__Task details__.
Search the listing below for the word "with" and copy each line that holds it.

__Entries supplied__.
● ● ● ● ● ● ●

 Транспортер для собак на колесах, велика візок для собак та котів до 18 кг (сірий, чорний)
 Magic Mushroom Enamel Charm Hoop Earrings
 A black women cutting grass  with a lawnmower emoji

● ● ● ● ● ● ●

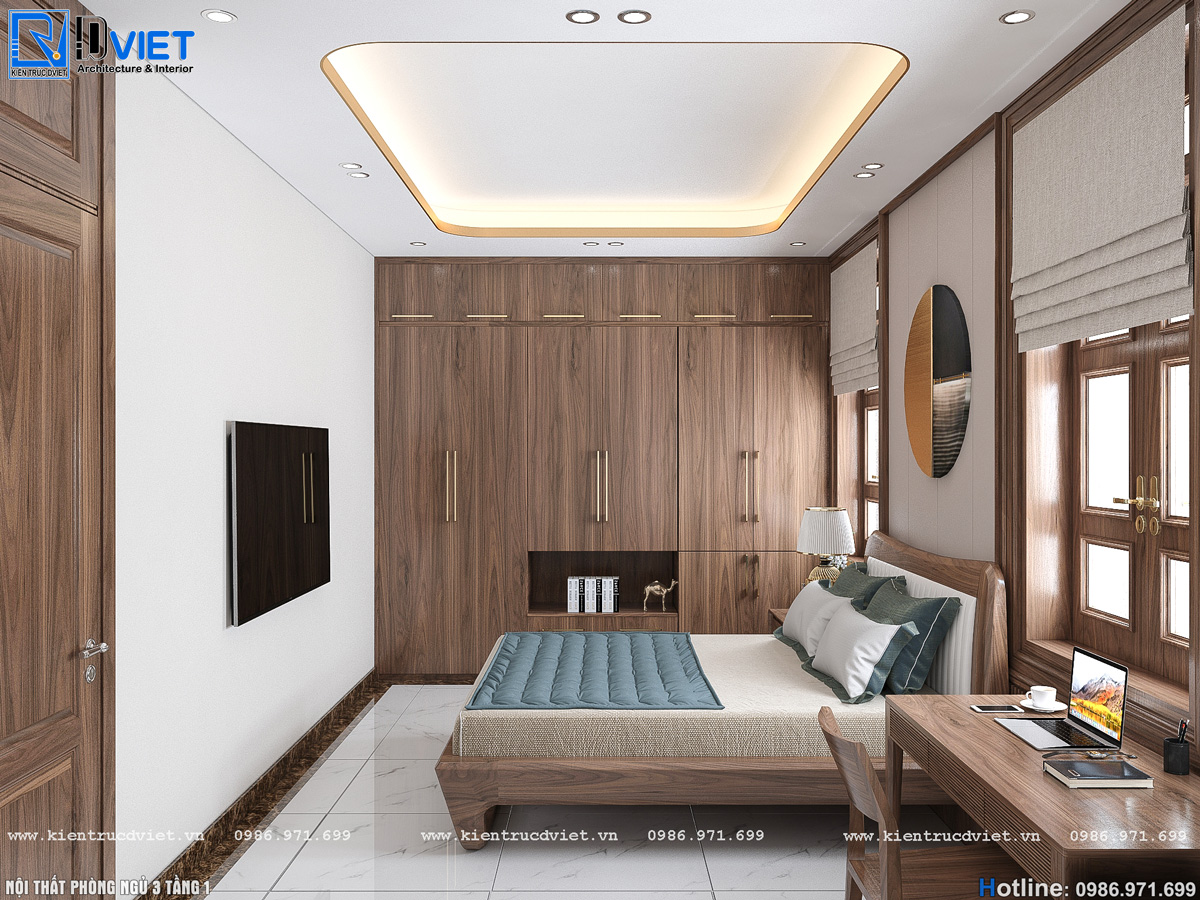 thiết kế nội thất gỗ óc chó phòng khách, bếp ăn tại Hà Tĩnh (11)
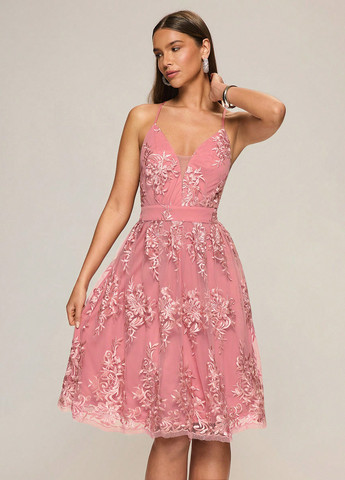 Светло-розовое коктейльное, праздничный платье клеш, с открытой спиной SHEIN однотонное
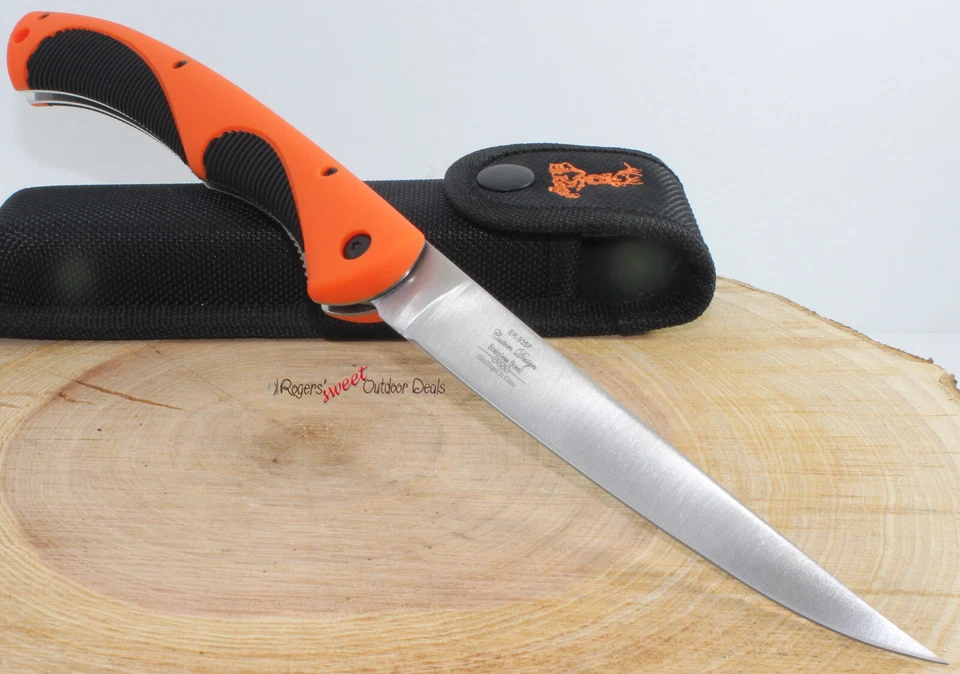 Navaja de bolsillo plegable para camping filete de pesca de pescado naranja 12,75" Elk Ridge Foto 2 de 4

● ● ● ● ● ● ●

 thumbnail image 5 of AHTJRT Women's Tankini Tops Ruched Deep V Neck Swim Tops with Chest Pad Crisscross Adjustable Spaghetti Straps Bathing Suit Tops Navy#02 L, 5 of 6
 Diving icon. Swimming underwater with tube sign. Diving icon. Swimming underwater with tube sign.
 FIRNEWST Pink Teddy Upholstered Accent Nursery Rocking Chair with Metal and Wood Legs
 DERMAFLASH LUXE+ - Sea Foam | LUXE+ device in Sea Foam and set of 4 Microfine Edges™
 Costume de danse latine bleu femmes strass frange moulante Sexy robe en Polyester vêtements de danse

● ● ● ● ● ● ●

__Written answer__.
 A black women cutting grass  with a lawnmower emoji
 thumbnail image 5 of AHTJRT Women's Tankini Tops Ruched Deep V Neck Swim Tops with Chest Pad Crisscross Adjustable Spaghetti Straps Bathing Suit Tops Navy#02 L, 5 of 6
 Diving icon. Swimming underwater with tube sign. Diving icon. Swimming underwater with tube sign.
 FIRNEWST Pink Teddy Upholstered Accent Nursery Rocking Chair with Metal and Wood Legs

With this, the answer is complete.